Of course, that begs the question: will there be more Daredevil on Netflix? How will its characters play into Netflix’s planned series on The Defenders?

“Sadly, that’s a very easy question to answer because they tell us absolutely nothing,” Cox, the actor who portrays Matt Murdock, aka Daredevil, said. “And to the point that I didn’t even know how season two was going to end up, like I was reading episodes as they come in. So with The Defenders, I know we’re going to do it, I have no idea who’s going to be showrunning it, I don’t know what the story’s going to be, I don’t know — other than the four Defenders, I don’t know what the characters are going to be involved in it.

“And we have no idea if we’re going to be commissioned for a season three. I mean, I think they wrote season two with the intention of something to kind of unfold in other seasons, but until that’s actually official, you know …”

Season two saw Daredevil finally sporting his superhero suit. Cox discussed some of the more fine details of wearing such a thing, including how the designers put a lot of thought and effort into making it comfortable and easy for him to put on, joking about one particularly important feature.

“It’s actually [a] really, really brilliant suit and it’s very comfortable,” Cox said. “I’ve got it down now to about 15 or 20 minutes and I can do almost all of it by myself. I need a little help with a couple of areas. The thing is I read — I don’t know if it’s true — that Christian Bale had trouble peeing in his suit, and so this was a discussion that we had. And they fixed it. They had three zippers, right? So you can effectively create a hole without having to take off the top part of it. This is stuff you have to think about.”

When a fan asked Henson about how responsible he felt about creating Foggy according to how that character appears in the comic books, he admitted that he had some wiggle room.

“In the comic books, he’s just a bumbling partner,” Henson said. “He was kind of that for a long time, so I thought, ‘cool, there’s a lot I can do with this character.’ I think that, you know, there’s a lot of people around to make sure that I’m getting it right. I mean I hope I do. He didn’t have a lot of background in the comics and stuff like that. And I didn’t have a lot of time to prepare — my son was just born when we started shooting the show, I had just come from Germany and [it was] kind of crazy. So I actually really relied on Charlie. Charlie is one of the most thoughtful people I’ve ever worked with.

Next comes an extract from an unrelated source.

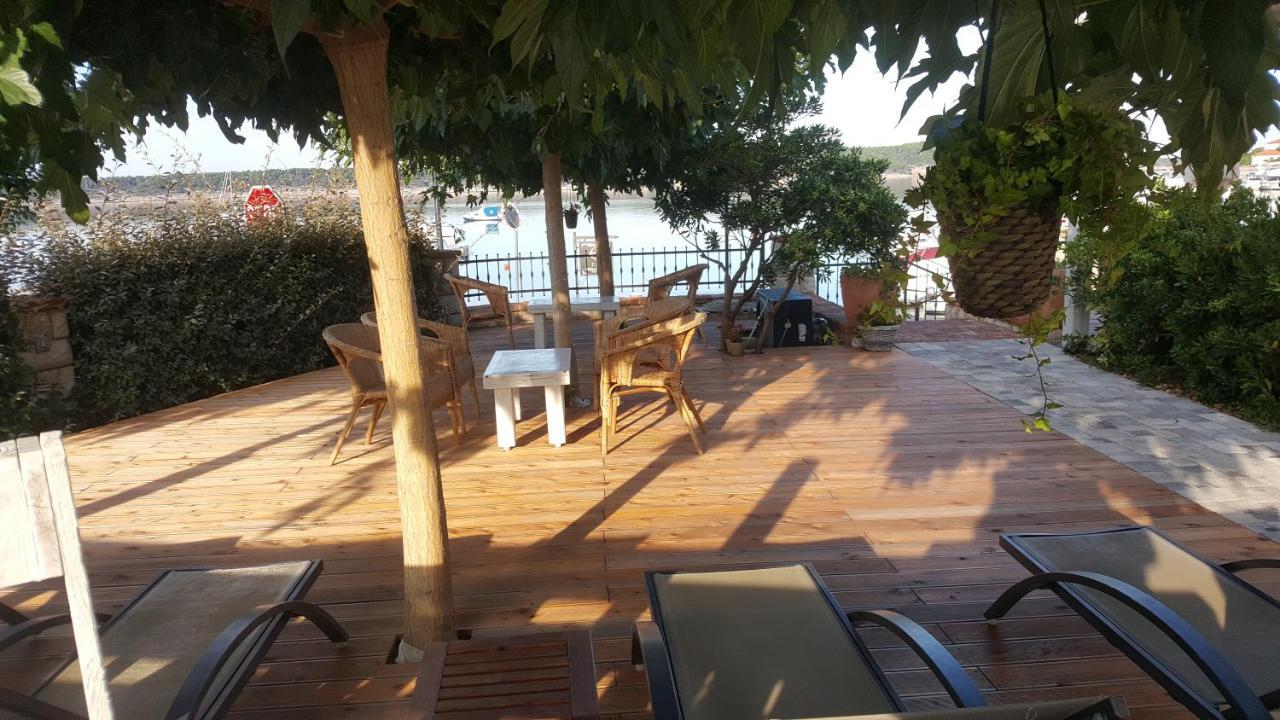 Guest House Villa Papalina Rab Town Exterior foto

“And I mean this in a positive way: he’s relentless in making sure things are right. So I feel like my job on the show, as well just in life, is sort of the same: I just try to do whatever I can to help the show along. Ultimately, at the end of the day, it’s his show. It’s a show about Daredevil, so I just want to be able to facilitate that.”

Season two of Daredevil introduced the Punisher to Hell’s Kitchen, and he is someone that Matt ends up spending a lot of time with. Because of the Punisher’s attitude that it’s totally OK to kill bad guys, Matt seems to start questioning his own no-kill policy. By the end of the season, this leaves Matt conflicted: where does he stand on the issue now?

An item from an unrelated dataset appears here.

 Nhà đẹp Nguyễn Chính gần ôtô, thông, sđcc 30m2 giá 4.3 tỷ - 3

“I don’t know that he even knows,” Cox said. “This is something that I kind of thought a lot about towards the end of the second season. There’s a scene with the Punisher, with Jon Bernthal’s character, and I believe Matt says something like, ‘maybe your way is OK.’

“Basically, that was the only way [for] him to acknowledge just the possibility that Matt was conceding to the idea that his way wasn’t working. I don’t think he’d ever believe that killing someone is the right way to go.”

Cox continued to explain that the show brought in some more complications by including villains that are essentially not human.

“I also think the question is a little bit confusing, because when you mention Elektra, all those guys — do we think of them in the same way that we think of other people? Because, obviously, they don’t seem quite human in the same way like the characters in the other storylines do.”

Cox admitted that Matt will have a lot of thinking to do in the future about this specifically moral dilemma.

“I think he’s going to have to reevaluate his stances and decide how he wants to operate.”